If I deploy a single model through the huggingfacemodel:如果我通过 huggingface 模型部署单个 model：

huggingface_model = HuggingFaceModel(model_data='s3://bucket/path/model.tar.gz',
                                     transformers_version="4.12.3",
                                     pytorch_version="1.9.1",
                                     py_version='py38',
                                     role=role,
                                     sagemaker_session=sess)
predictor = huggingface_model.deploy(initial_instance_count=1, instance_type="ml.t2.medium")

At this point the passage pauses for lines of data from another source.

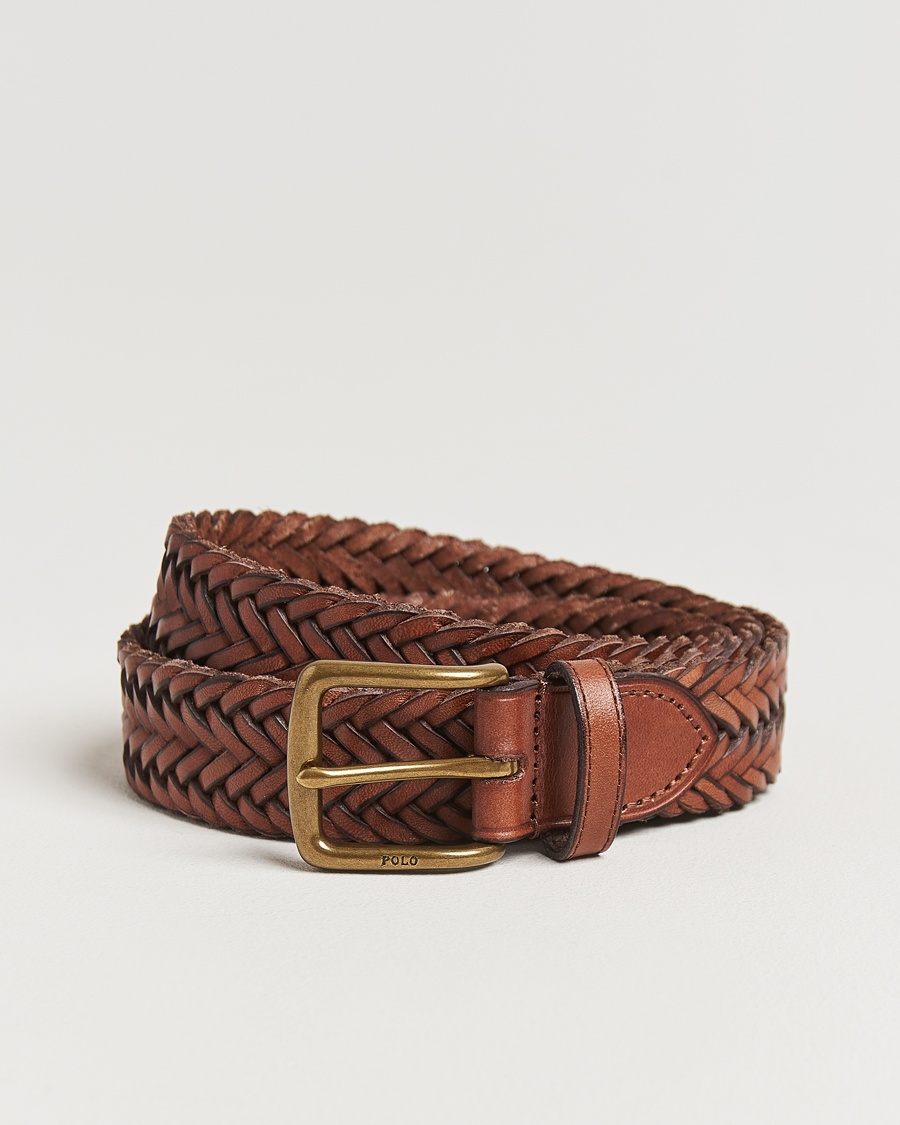 Polo Ralph Lauren Braided Leather Belt Polo Saddle – Marrone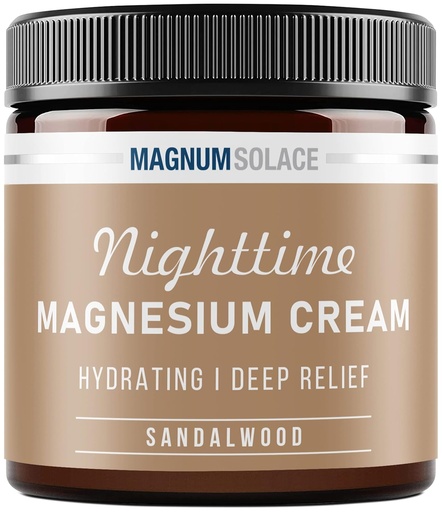 [BRSRMGIFC4IBEHL3] Magnesium Lotion – Nighttime Magnesium Cream – Apply to Leg Muscles, Arms or Chest - Topical Magnesium Chloride – USA Made and Safe for Kids (Sandalwood) 4 Fl Oz (Pack of 1)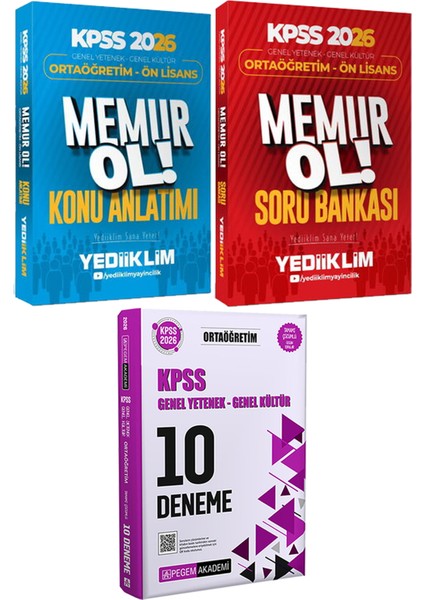 Kpss 2026 Ortaöğretim Ön Lisans Memur Ol! Konu ve Soru - 2026 Kpss Ortaöğretim Çözümlü 10 Deneme
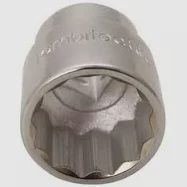 209 3/4&quot; Dr. Hex Socket, Steel- CrV, Finish- Matt Chrome,55mm
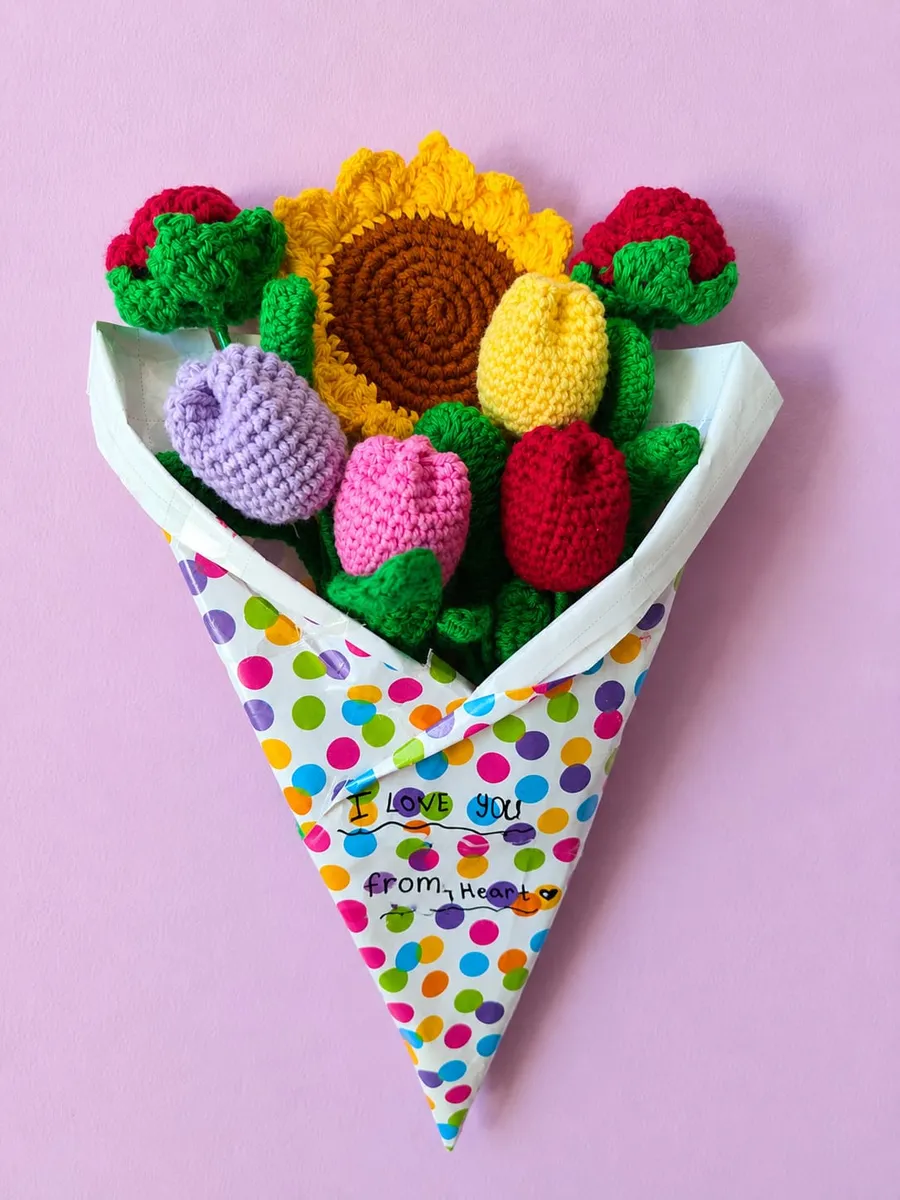Handmade crochet tulip & sunflower bouquet in multicolour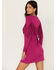 Idyllwind Women's Bryan Long Sleeve Fringe Knit Dress, Fuchsia, hi-res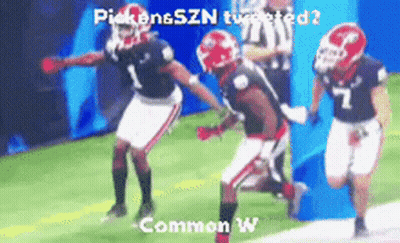 A Group Of Football Players On A Field With A Caption That Says " Pickens Szn Tweeted " GIF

Then predict works normally with no error.然后predict正常工作，没有错误。

So I was wondering what could be the reason that i get 'read-only' om MultiDataModel deploy?所以我想知道我在MultiDataModel部署中获得“只读”的原因可能是什么？

thanks in advance.提前致谢。

Answer 1

Hey Mpizos do you have any logs from CloudWatch?您好 Mpizos，您有 CloudWatch 的任何日志吗？ Also one thing I noticed for the MultiDataModel you are specifying a specific model.tar.gz as shown in following code.对于 MultiDataModel，我还注意到一件事，您指定了一个特定的 model.tar.gz，如以下代码所示。

huggingface_model = HuggingFaceModel(model_data='s3://bucket/path/model.tar.gz',
                                     transformers_version="4.12.3",
                                     pytorch_version="1.9.1",
                                     py_version='py38',
                                     role=role,
                                     sagemaker_session=sess)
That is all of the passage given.